Lo cierto,. Para quienes se oponen al gobierno actual, la Corte parece tener el deber de derrotar todas aquellas medidas que no les placen. La independencia se ha condicionado al sentido de los fallos y se ha pretendido instalar la idea de un poder judicial capturado, que ha abdicado de su función equilibradora. No solo se exige que la Corte resuelva en el sentido que desean, sino que lo haga en los tiempos políticos que les son convenientes. Cuando no obtienen lo que desean, automáticamente acusan parcialidad. Paradójicamente, cuando es del gobierno de donde provienen las críticas —lo que por cierto desarticula la narrativa de la captura—, exigen que salgamos a condenarlas por antidemocráticas.
Todo esto forma parte del repertorio de artilugios con los que se busca chantajear a los jueces y orillarlos a impartir una justicia militante. Pero desde hace algún tiempo se ha buscado instalar un discurso que sencillamente parte de una falsedad: se atribuye a la Corte y concretamente a su presidencia, una intención deliberada de detener los asuntos que son relevantes para el gobierno.
Este discurso parte de un desconocimiento de la forma de trabajo y los procesos internos de la Corte. Cada ministro o ministra es libre de dedicar a los asuntos el tiempo de estudio que la dificultad del caso amerite. Los tiempos de la Corte no son los tiempos de la política. Recibimos el año pasado 12 mil asuntos, de los cuales unos 3 mil 500 se resolvieron mediante sentencia y más de 9 mil mediante acuerdo. La gran mayoría de estos asuntos representan la última esperanza para las personas; la última oportunidad para salvaguardar su patrimonio, su libertad o su dignidad.
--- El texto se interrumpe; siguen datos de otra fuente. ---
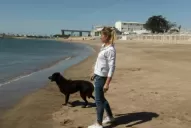 Murió Comando, el perro de la Armada que cuidaba la única mujer a bordo del ARA San Juan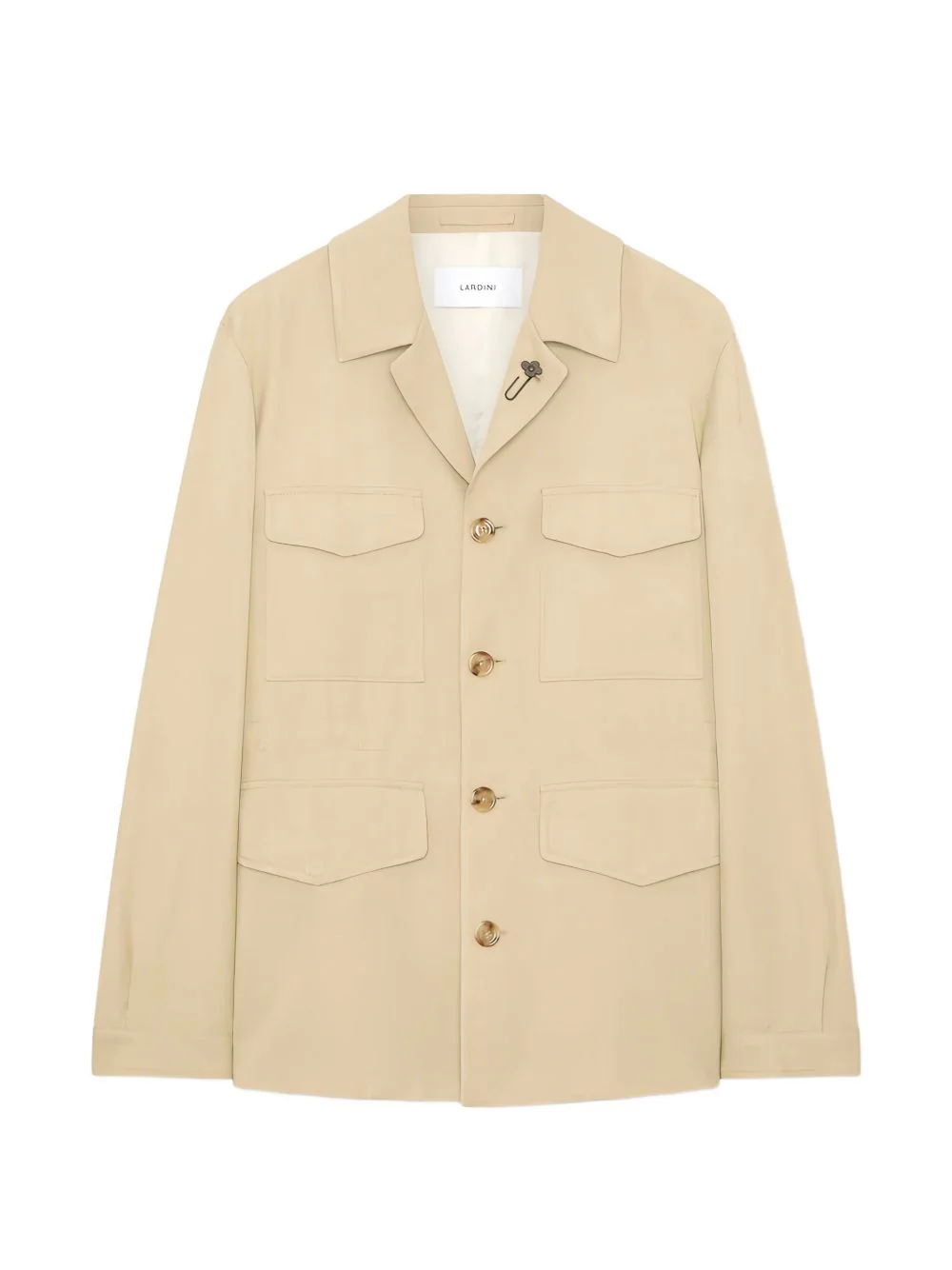 Long-Sleeved Field Jacket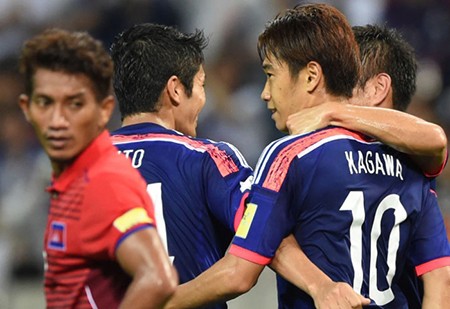 Vòng loại World Cup 2018: Hồng Kong 'gây sốc' trước Trung Quốc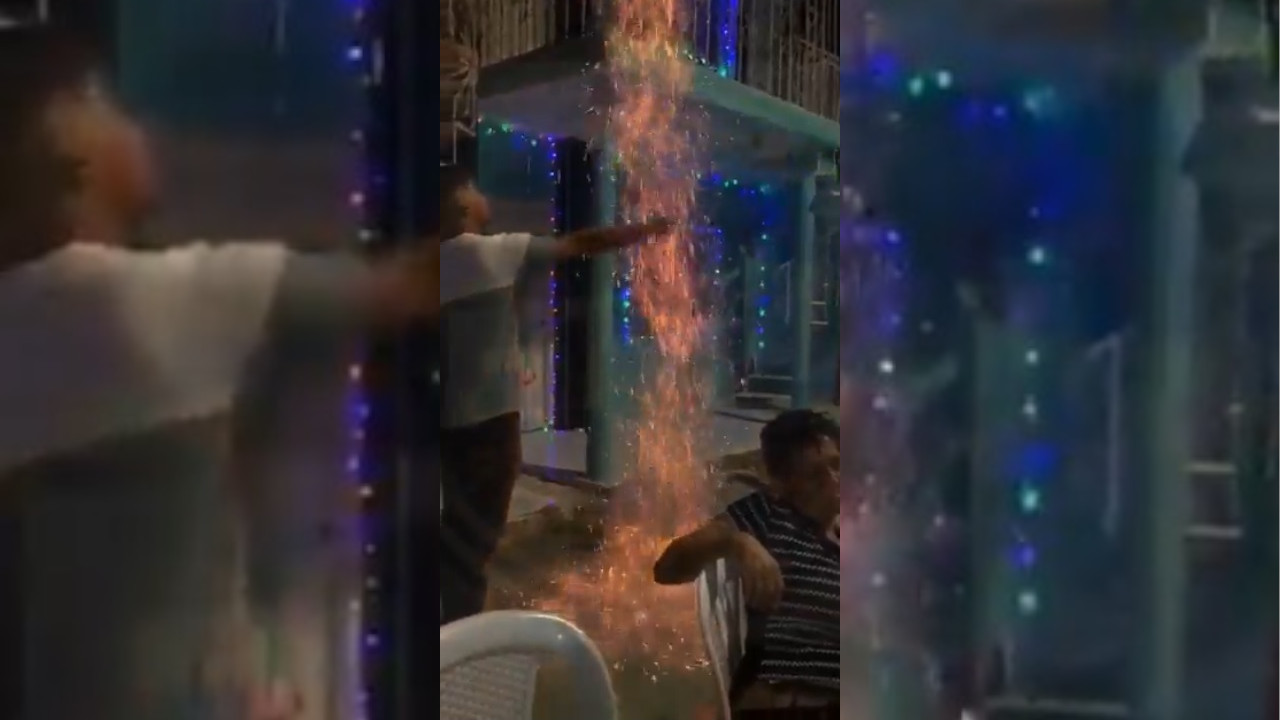 Volador le ‘voló’ tres dedos a un joven en Atlántico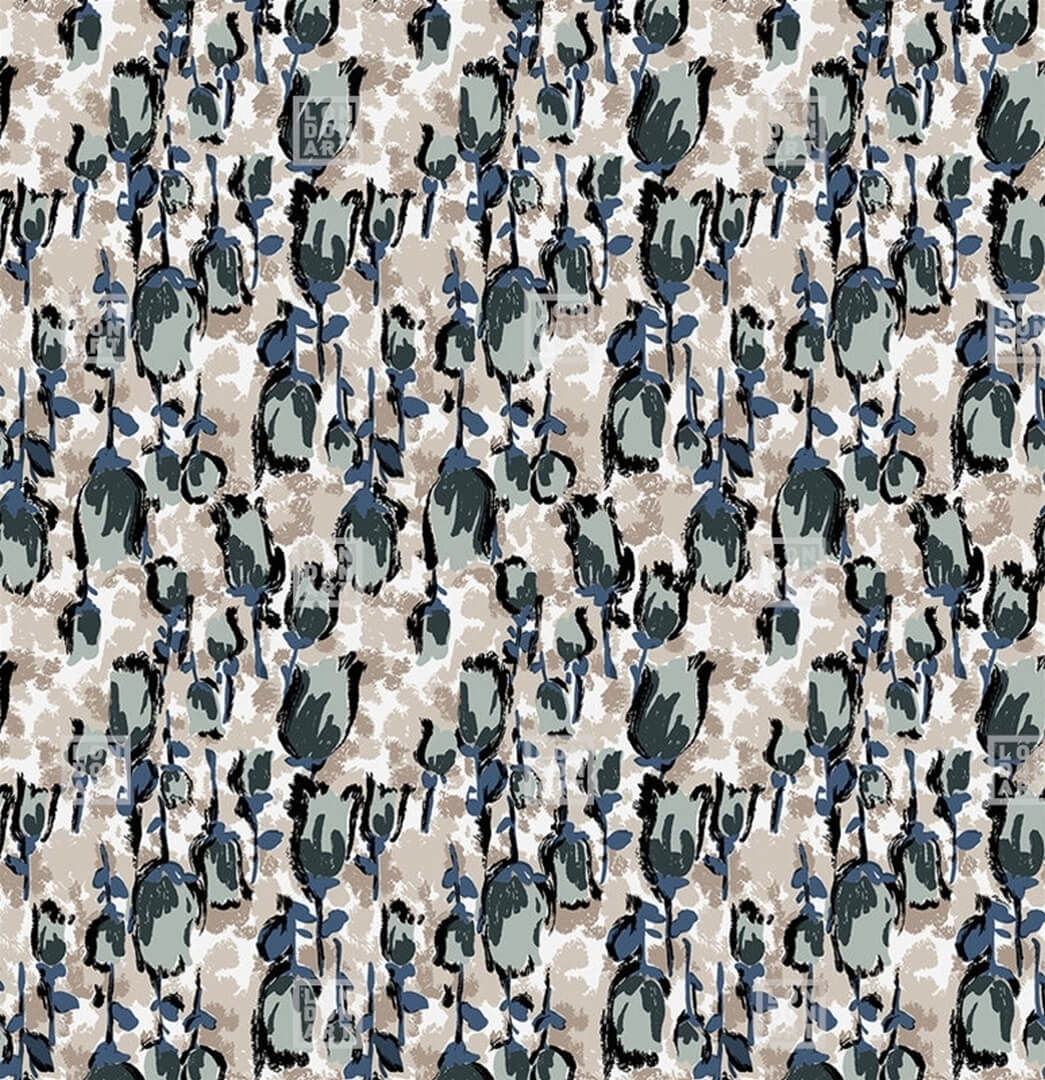 Fototapeta kwiaty London Art MRN08 4 CALLAS Marni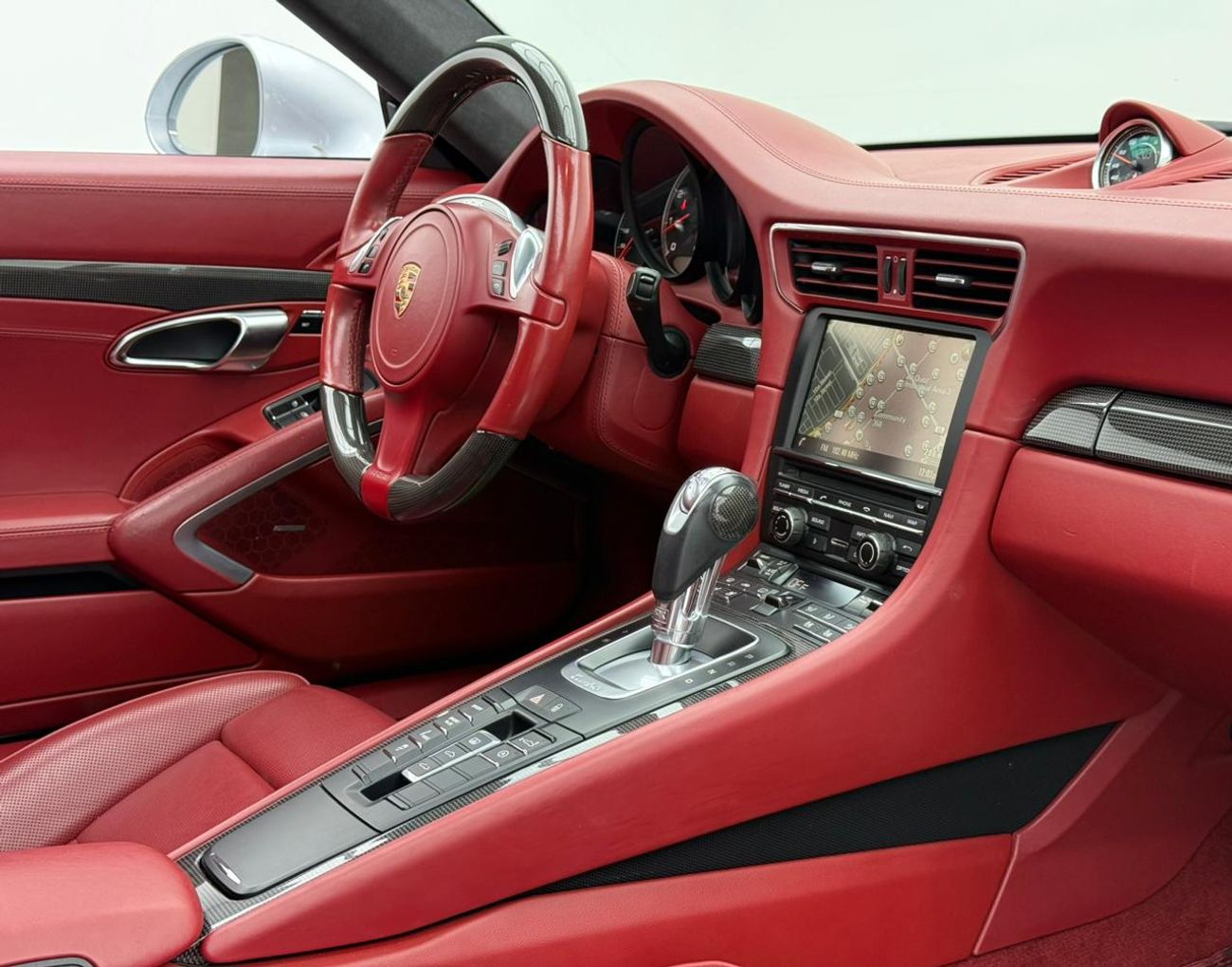 بورش 911 Turbo 3.8L (500 HP) Coupe 2015 Porsche 911 Turbo S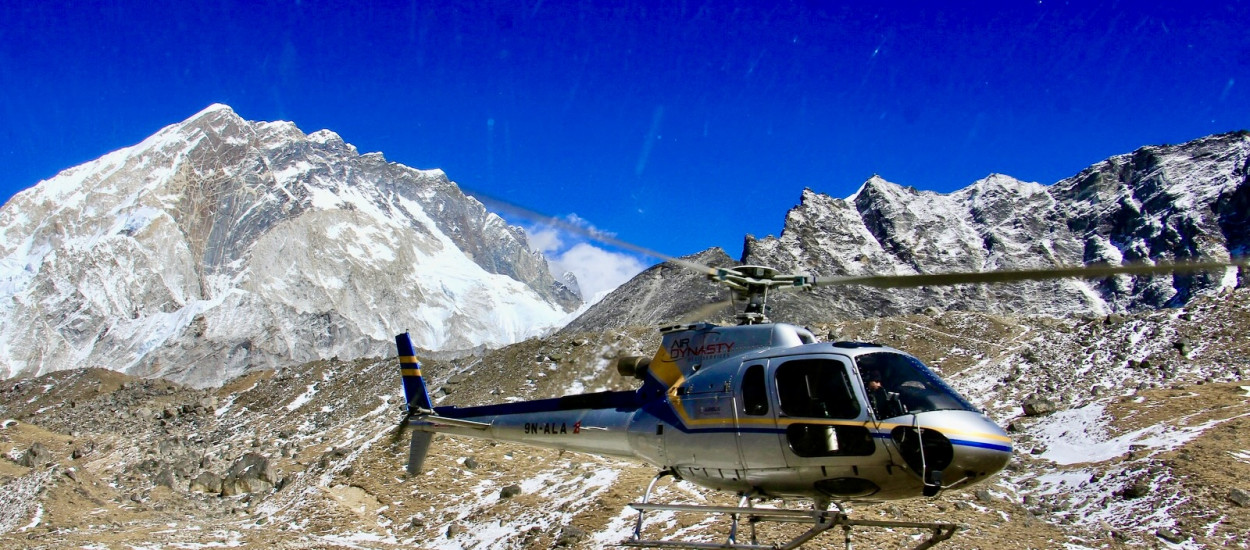 Everest Base Camp Trek with Helicopter flight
Hacer de lado estos asuntos para ajustarse a una agenda política particular, sería una verdadera captura y sería, sobre todo, una injusticia.
La Corte está haciendo su trabajo con diligencia y responsabilidad, al margen del poder político y del poder mediático. Entiendo que la narrativa de una Corte sumisa pueda servir a ciertos intereses políticos, pero como cabeza del Poder Judicial federal es mi deber apuntar que tales críticas, cuando se sustentan en hechos falsos, afectan la legitimidad de la Corte y dañan profundamente la democracia. Es mi deber aclarar que son señalamientos sin sustento y de mala fe.
Como servidor público, debo tolerar la crítica y así lo he hecho siempre, hasta en los momentos más difíciles de mi carrera. Pero como presidente de la Corte me corresponde defender la integridad de la institución frente a los ataques que no buscan sino apropiarse de ella.